Mirella se quedó callada, tanto por el desolador dato de las balas como por la sorpresa del ascenso, no teniendo muy claro la validez del mismo, mientras detrás de ella escuchaba a Tony.
—Lo de las balas debemos mantenerlo en secreto, no se lo digas al resto de la tropa si no quieres desmoralizarlos —solicitó, intentando quitar hierro al comentario de su compañero.
Alrededor de la una de la mañana, al cumplirse la hora del inicio de los disparos, Marc intentó recordar la última vez que habían dormido. Llevaban una semana en la que la actividad estaba resultando extenuante.
—Echemos un vistazo al perímetro e intentemos dormir un poco —propuso Marc—. Capitán, se queda al cargo de supervisar la defensa, en caso de que hubiera cualquier problema avíseme de inmediato.
Durante una media hora, más tiempo del que inicialmente había previsto, Marc paseó junto a la verja comprobando que todo estuviera bien e instando a que se fueran relevando durante la noche en la tarea de defender el lugar, con la idea de que durmieran un poco, ya fuera en las zonas cerradas, como el Palacio de Cristal o los propios helicópteros, situados en el centro mismo del parque, para que estuvieran más protegidos del atronador ruido de las armas escupiendo sus balas.

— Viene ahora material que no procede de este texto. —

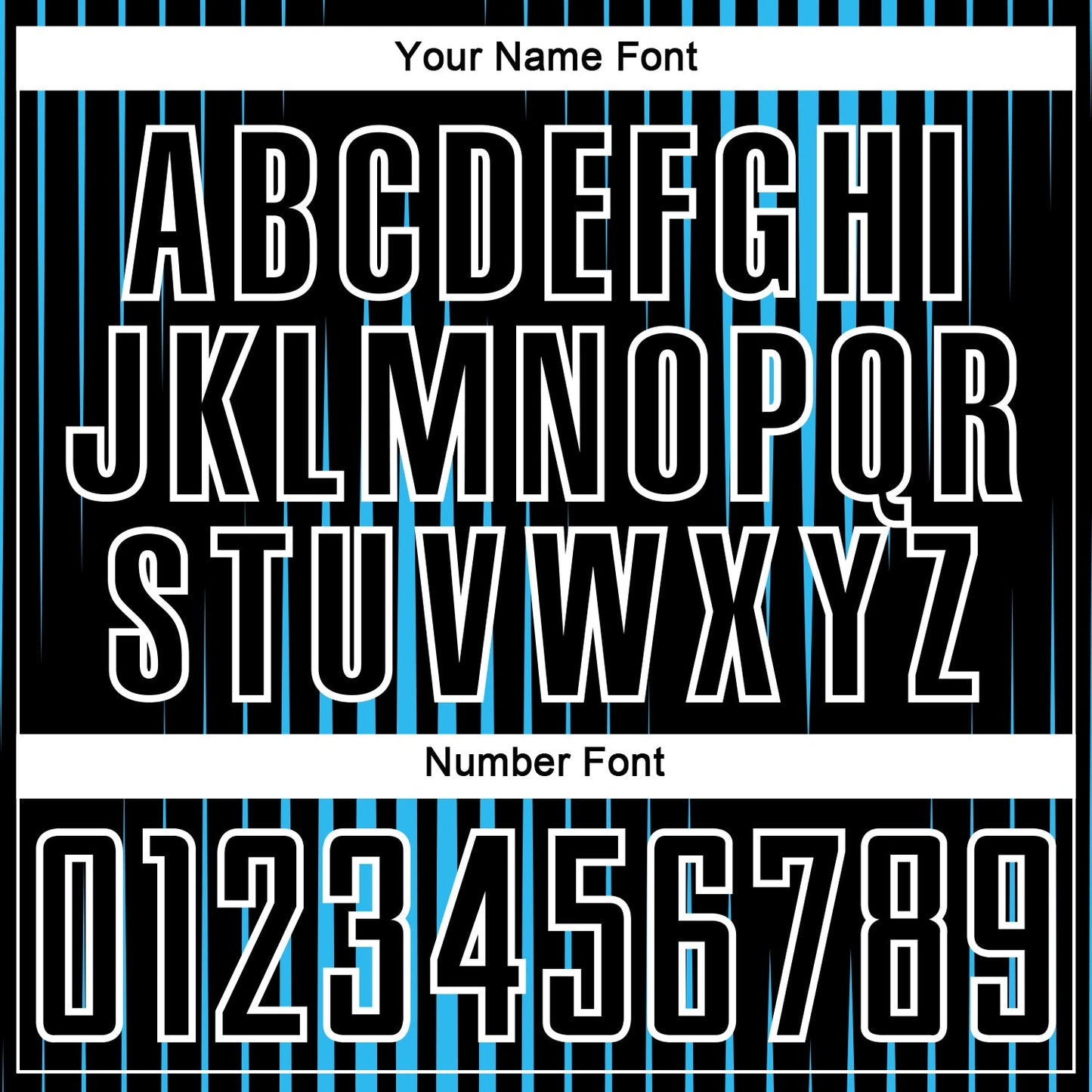 Custom Black Sky Blue-White Lines Sublimation Soccer Uniform Jersey view 6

—Bueno, ahora nos tocará irnos a dormir a nosotros, confiando en que mañana los zombis sigan ahí fuera y no hayan logrado penetrar nuestras defensas —dijo Marc con cara de cansancio.
—¿Alguna idea de dónde podemos ir a descansar?
—Busquemos sitio en algunas de las casetas, o veamos qué tal está el Palacio de Velázquez, que está bastante cerca, un poco más abajo.